#1 A New Multi-agent Approach for Adversarial Environment Generation
In collaboration with the University of California Berkeley AI Research, Google AI has proposed a new multi-agent approach for training the adversary, a publication recently presented at NeurIPS 2020.
The study presents an algorithm, Protagonist Antagonist Induced Regret Environment Design (PAIRED), that’s based on minimax regret and prevents the adversary from creating impossible environments while still enabling it to correct weaknesses in the agent’s policy.
PAIRED incentivizes the adversary to tune the generated environments’ difficulty to be just outside the agent’s current abilities, leading to an automatic curriculum of increasingly challenging training tasks.
According to the researchers, agents trained with PAIRED learn more complex behavior and generalize better to unknown test tasks.
Results: show its relevance to a range of RL tasks, from learning increasingly complex behavior or more robust policies to improving generalization to novel environments.
#2 Fast Interactive Video Object Segmentation with Graph Neural Networks
In this paper, researchers show that a graph neural network-based approach can achieve state-of-the-art results in interactive video object segmentation with a significantly smaller number of trained parameters and less training data than most existing solutions.
Interactive video object segmentation aims to utilize automatic methods to speed up the process and reduce the annotators’ workload.
The proposed network operates on super pixel-graphs, allowing users to reduce the problem’s dimensionality by several magnitudes. Researchers show that the network possessing only a few thousand parameters can achieve state-of-the-art performance. At the same time, inference remains fast and can be trained quickly with very little data without overfitting. Additionally, the method is fast, both in terms of training and inference. The software code and the trained model can be accessed here
#3 Deep Learning in Medical Imaging: Traits, Trends, Case studies Highlights, and Future Promises
Deep learning has been widely used in various medical imaging tasks. It has achieved remarkable success in many medical imaging applications, thereby boosting us into the so-called artificial intelligence era.
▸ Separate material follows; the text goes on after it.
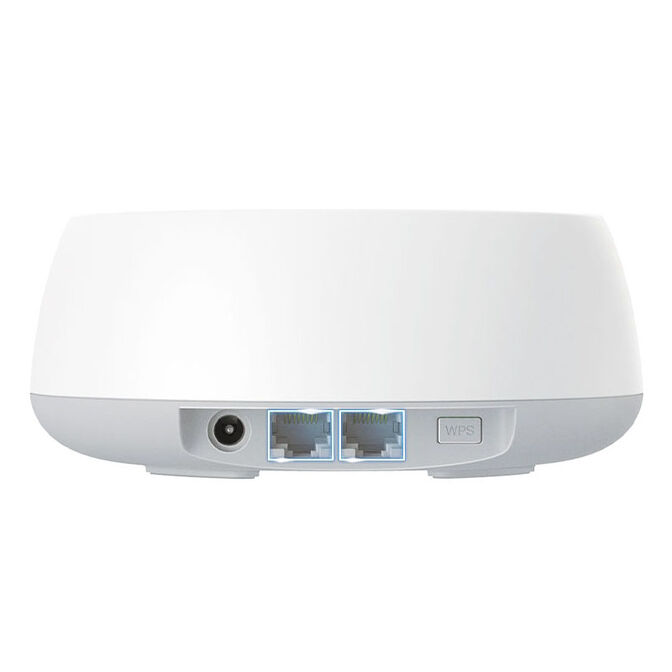 Sistema Mesh TP-Link Deco Deco BE22 Dual-Band WiFi 7 Whole Home Mesh Blanco (Pack 3) image number 2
This research presents medical imaging traits, highlights both clinical needs and technical challenges in medical imaging, and describes how emerging trends in deep learning are addressing these issues.
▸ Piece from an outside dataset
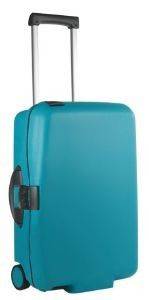 ΒΑΛΙΤΣΑ ΚΑΜΠΙΝΑΣ SAMSONITE CABIN COLLECTION UPRIGHT 55/20 CM ΣΙΕΛ ΒΑΛΙΤΣΑ ΚΑΜΠΙΝΑΣ SAMSONITE CABIN COLLECTION UPRIGHT 55/20 CM ΣΙΕΛ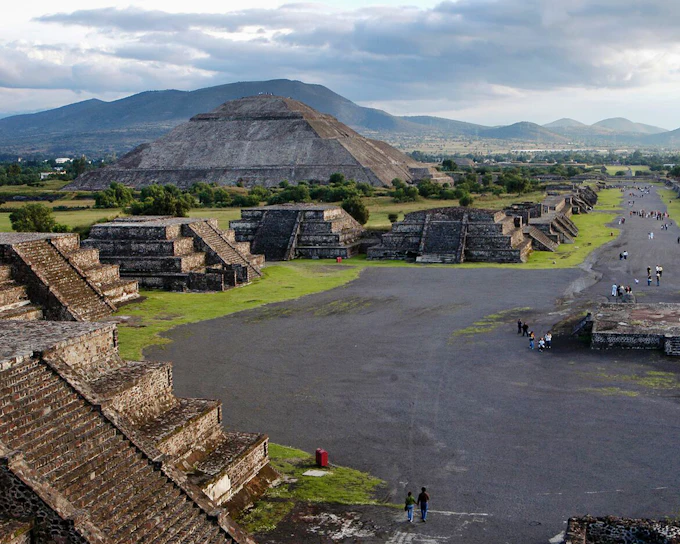 Teotihuacan Guided Tour (Product 14104)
Researchers cover network architecture topics, sparse and noisy labels, federating learning, interpretability, uncertainty quantification, etc. They also present several case studies applications commonly found in clinical practice, including digital pathology and chest, brain, cardiovascular, and abdominal imaging, and conclude with a discussion and presentation of promising future directions. Read more: A Survey of Deep Learning in Medical Imaging
#4 Unsupervised 3D shape reconstruction from 2D Image GANs
Natural images are projections of 3D objects on a 2D image plane. While state-of-the-art 2D generative models like GANs show unprecedented quality in modeling the natural image manifold, it is unclear whether they implicitly capture the underlying 3D object structures. And if so, how could we exploit such knowledge to recover the 3D shapes of objects in the images?
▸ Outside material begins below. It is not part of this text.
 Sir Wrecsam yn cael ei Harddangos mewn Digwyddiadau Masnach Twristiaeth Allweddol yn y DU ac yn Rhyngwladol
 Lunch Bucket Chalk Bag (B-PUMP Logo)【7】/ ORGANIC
To answer these questions, this paper presents the first attempt to directly mine 3D geometric indications from an off-the-shelf 2D GAN trained on RGB images only.
We found that such a pre-trained GAN indeed contains rich 3D knowledge and thus can be used to recover 3D shape from a single 2D image in an unsupervised manner, the researchers say
The framework’s core is an iterative strategy that explores and exploits diverse viewpoints and lighting variations in the GAN image manifold. It does not require 2D keypoint or 3D annotations or strong assumptions on object shapes, yet it successfully recovers 3D shapes with high precision for human faces, cats, cars, and buildings. The recovered 3D shapes immediately allow high-quality image editing like relighting and object rotation.
demonstrate the effectiveness of the proposed approach compared to previous methods in both 3D shape reconstruction and face rotation. Get the GAN2Shape code here
#5 A Deep Emulator for Secondary Motion of 3D Characters
Fast and light-weight methods for animating 3D characters are desirable in various applications such as computer games.
Researchers present a learning-based approach to enhance skinning-based animations of 3D characters with vivid secondary motion effects. They have designed a neural network that encodes each local patch of a character simulation mesh where the edges implicitly encode the internal forces between the neighboring vertices.
The network emulates the ordinary differential equations of the character dynamics, predicting new vertex positions from the current accelerations, velocities, and positions. Being a local method, the proposed network is independent of the mesh topology and generalizes to arbitrarily shaped 3D character meshes at test time.
Results: On evaluation, this method can be over 30 times more efficient than ground-truth physically-based simulation, and outperforms alternative solutions that provide fast approximations.